The famous quote describing the ubiquitous NYC composer George Gershwin was that he had one foot in the door of jazz and the other steeped in classical music. As far as contemporary guitarists go, Marc Ribot has stepped into about as many doors as I can possibly imagine. Coming from punk and no wave to become an influential sideman to both Tom Waits and John Zorn, he has played soul, country, Latin, jazz, experimental, Americana and beyond. Those of us who crowded into the upstairs of the Greenwich House Music School were treated to an unusual but sublime treat: Ribot paying tribute to his mentor, Haitian jazz guitarist Frantz Casseus as part of their “Uncharted” concert series.
Armed with just an acoustic guitar and few words, Ribot broke into a series of short and beautiful pieces from the Casseus songbook, including a few pieces discovered in his notebook after his death. Arranged for solo guitar, the pieces showcased Ribot’s tasteful and adept playing, combining folky picking with jazz runs, often playing the chords and melody at the same time. The songs were pretty, often lullaby-like compositions, with laid back shuffled rhythms. Most impressive was Ribot’s take on the four part “Haitian Suite,” a truly incredible composition.
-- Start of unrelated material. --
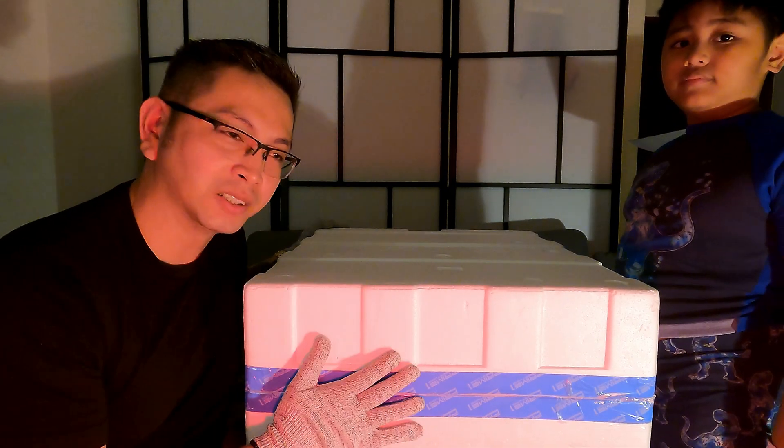We have the base here that has a Superman logo on each side. The head is here. Look at the head. Look at the eyes.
To cap off the night, Ribot introduced Haitian singer Emeline Michel to perform the final four numbers. Called the “Haitian Joni Mitchell,” she sports a full, rich and jazzy voice, an easy compliment to Ribot’s nimble guitar playing. The two played selections of traditional Haitian folk that Casseus had recorded. Being a novice listener of Haitian jazz, I found the performance interesting and fun. And it brought to light an important musician with whom I had not yet been acquainted.